- **What you need to do**
Every line of the listing below from the one with "Volendam 22 april 2013" up to and including the one with "Büyükşehir Üreticilerin Yanında" should be retyped exactly, and nothing else; pictures are not part of the copy.

- **Stored data**
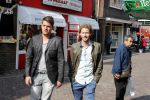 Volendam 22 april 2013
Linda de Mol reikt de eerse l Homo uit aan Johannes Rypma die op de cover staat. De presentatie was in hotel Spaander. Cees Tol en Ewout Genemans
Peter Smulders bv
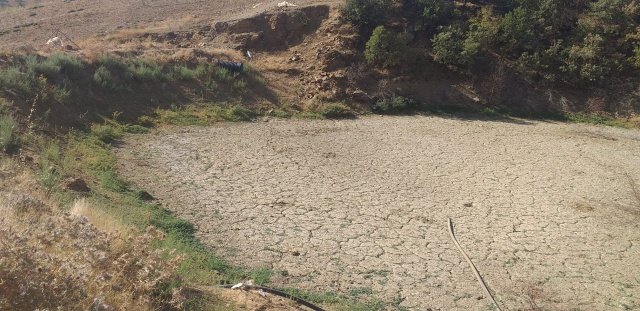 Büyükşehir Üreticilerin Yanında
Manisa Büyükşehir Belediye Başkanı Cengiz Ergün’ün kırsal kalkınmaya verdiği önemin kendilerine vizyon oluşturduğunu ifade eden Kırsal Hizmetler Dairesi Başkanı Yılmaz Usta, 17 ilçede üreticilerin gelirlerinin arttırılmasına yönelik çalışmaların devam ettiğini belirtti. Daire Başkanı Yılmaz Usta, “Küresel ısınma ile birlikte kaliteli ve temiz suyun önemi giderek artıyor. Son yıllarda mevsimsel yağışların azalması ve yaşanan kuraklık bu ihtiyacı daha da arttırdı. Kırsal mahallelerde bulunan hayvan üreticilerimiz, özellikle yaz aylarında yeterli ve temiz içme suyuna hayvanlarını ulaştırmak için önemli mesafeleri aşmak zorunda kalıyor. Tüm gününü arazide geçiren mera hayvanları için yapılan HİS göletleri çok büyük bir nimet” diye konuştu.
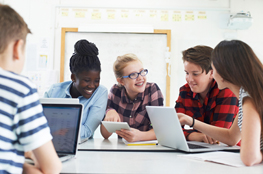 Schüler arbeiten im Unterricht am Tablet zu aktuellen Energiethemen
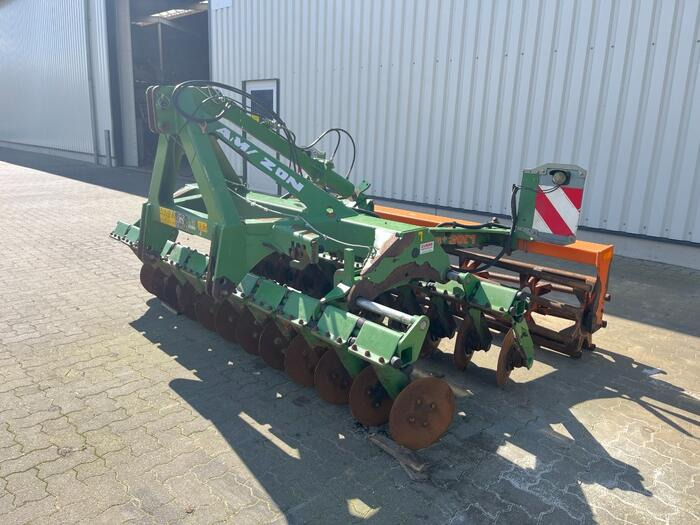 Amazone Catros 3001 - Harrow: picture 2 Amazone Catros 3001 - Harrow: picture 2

* * *

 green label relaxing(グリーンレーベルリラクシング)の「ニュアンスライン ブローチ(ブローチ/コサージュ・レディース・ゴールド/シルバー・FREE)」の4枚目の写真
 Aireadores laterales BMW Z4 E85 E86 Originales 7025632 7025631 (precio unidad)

==

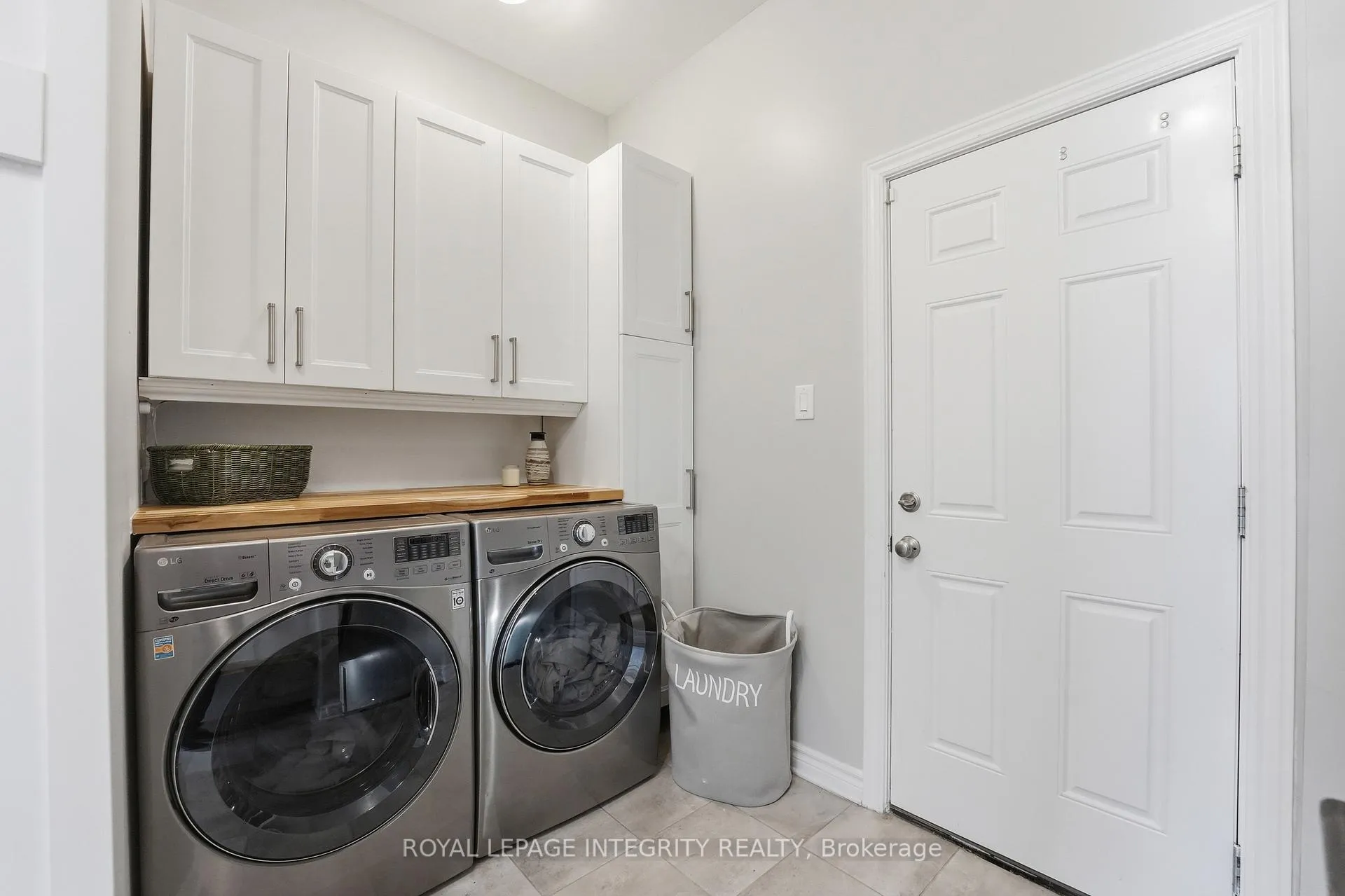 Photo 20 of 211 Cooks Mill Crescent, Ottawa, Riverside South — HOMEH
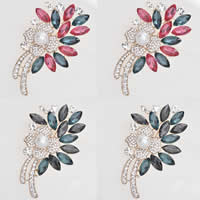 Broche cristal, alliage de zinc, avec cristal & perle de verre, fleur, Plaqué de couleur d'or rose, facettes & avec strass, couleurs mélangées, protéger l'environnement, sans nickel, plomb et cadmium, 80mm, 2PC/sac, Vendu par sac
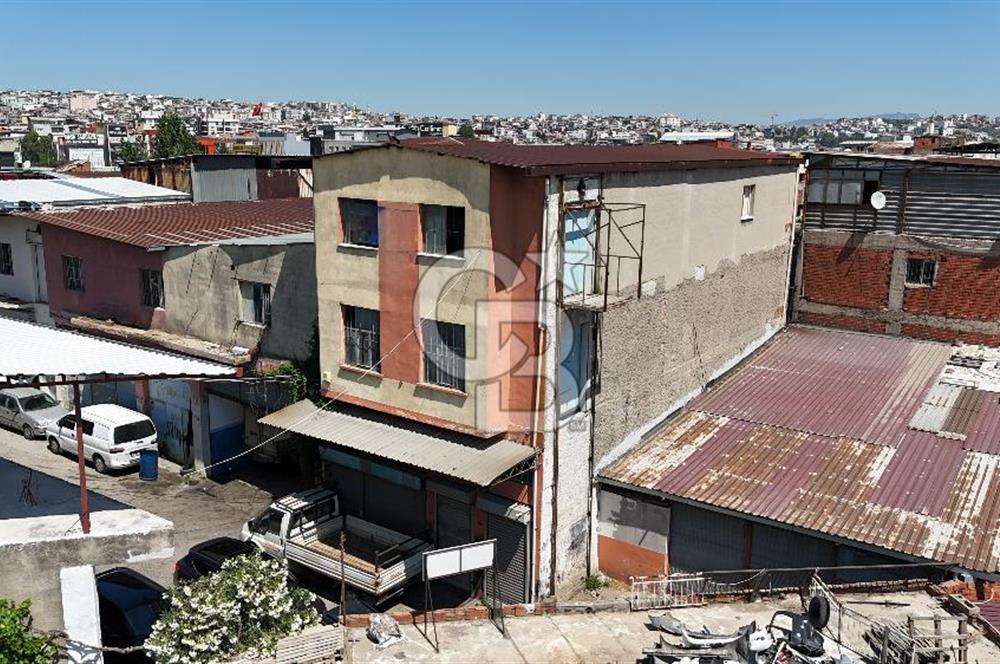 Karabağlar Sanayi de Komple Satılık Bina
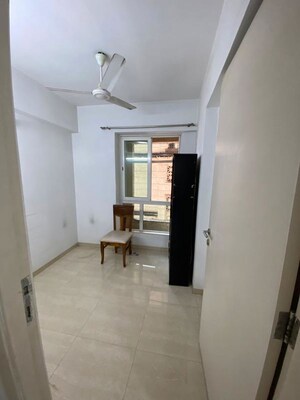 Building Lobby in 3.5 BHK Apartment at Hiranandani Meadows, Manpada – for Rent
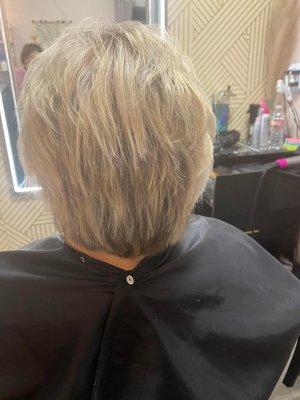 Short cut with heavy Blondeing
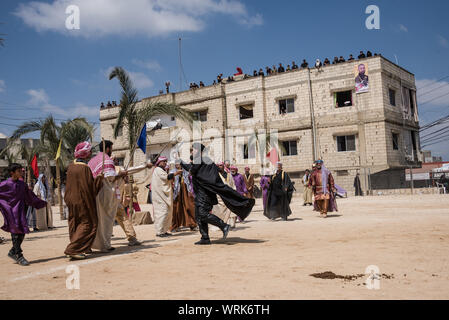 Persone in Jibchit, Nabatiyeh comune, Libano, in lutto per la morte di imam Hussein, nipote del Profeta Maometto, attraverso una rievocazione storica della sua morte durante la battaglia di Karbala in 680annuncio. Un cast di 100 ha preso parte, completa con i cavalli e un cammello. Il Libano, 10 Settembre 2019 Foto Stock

- **Written solution**
 Volendam 22 april 2013
Linda de Mol reikt de eerse l Homo uit aan Johannes Rypma die op de cover staat. De presentatie was in hotel Spaander. Cees Tol en Ewout Genemans
Peter Smulders bv
 Büyükşehir Üreticilerin Yanında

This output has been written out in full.